For some researchers, a portion of the cuts that were made for this is captured in the diminishing strength of our ancestors and ourselves.

the weakest primate

Although an adult chimpanzee rarely exceeds 170cm in height and 80kg, it is well known that no member of our species would be able to win a hand-to-hand fight with these animals. The puniest of these apes would be able to grab the average Homo sapiens by the ankle and mop the floor with it.

This is a fact that is referred to, for example, in the documentary Project Nim, which tells the story of a group of people who tried to raise a chimpanzee as if it were a human baby; The difficulties in educating the ape were compounded by the danger of their outbursts of anger, which could end in serious injuries with alarming ease.

This fact is not accidental, and it has nothing to do with that simplistic vision of nature according to which wild beasts are characterized by their strength. It is quite possible that this humiliating difference in the strength of each species is due to the development that our brain has undergone throughout its biological evolution.

Also, it seems that our brain has had to develop new ways of managing energy. In an investigation whose results were published a couple of years ago in PLOS ONE, it was found that the metabolites used in various areas of our brain (that is, the molecules used by our body to intervene in extracting energy from other substances) have evolved at a much faster rate than have those of other species of primates. On the other hand, in the same investigation it was observed that, eliminating the factor of the difference in size between species, ours is half as strong as that of the other non-extinct apes that they studied.

Increased consumption of brain energy

Since we do not have the same body robustness as the rest of large organisms, this greater consumption at the level of head has to be constantly balanced by clever ways of finding energy resources using all the body.

For this reason, we find ourselves in an evolutionary blind alley: we cannot stop looking for new ways to face the changing challenges of our environment if we do not want to perish. Paradoxically, we depend on the ability to plan and imagine provided by the very organ that has robbed us of strength.

  • You may be interested in: "theories of human intelligence"

Bibliographic references:

  • Aello, L. C., Wheeler, P. (1995).

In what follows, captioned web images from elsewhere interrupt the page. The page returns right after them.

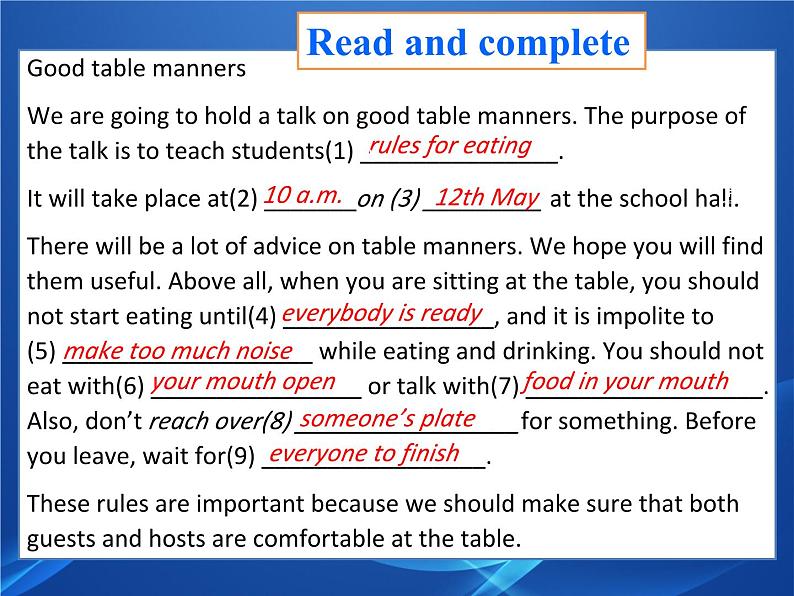 牛津译林版初中英语八年级下册 U5  Good manners Task 课件第5页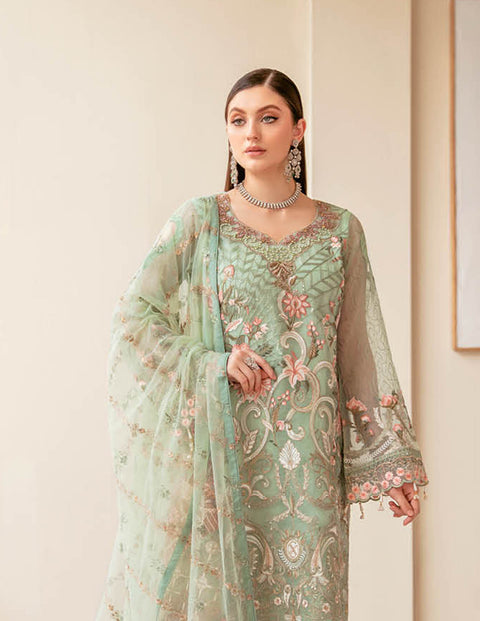 Minhal by Ramsha Embroidered Organza Suits Vol 6 - M604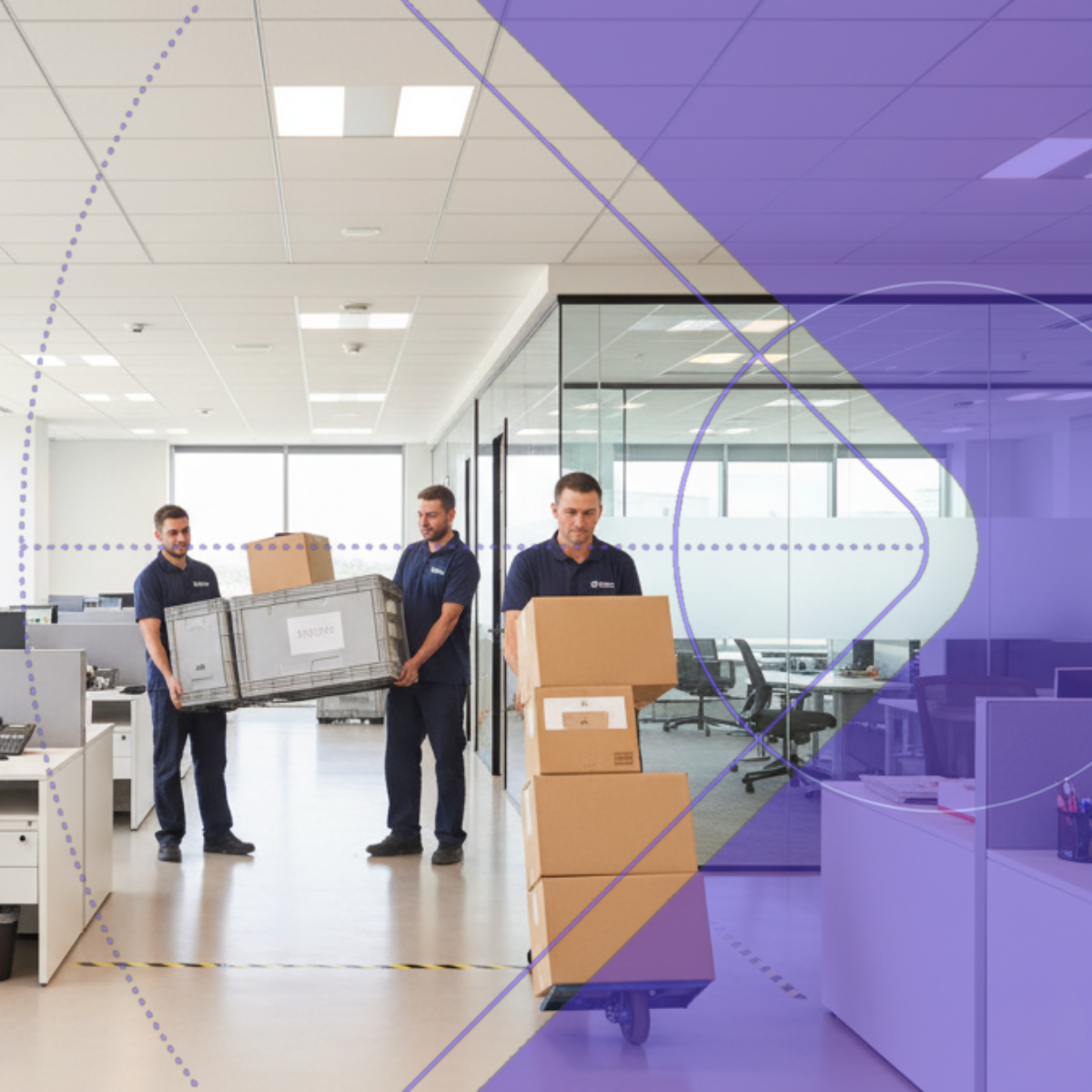 Storage designed specifically for office moves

The expensive tissue hypothesis: the brain and digestive system in human and primate evolution. Current Anthropology, 36, p. 199 - 221.
  • Arsuaga, J. L. and Martinez, I. (1998). The Chosen Species: The Long March of Human Evolution. Madrid: Planet Editions.
  • Bozek, K., Wei, Y., Yan, Z., Liu, X., Xiong, J., Sugimoto, M. et al. (2014). Exceptional Evolutionary Divergence of Human Muscle and Brain Metabolomes Parallels Human Cognitive and Physical Uniqueness. Plos Biology, 12(5), e1001871.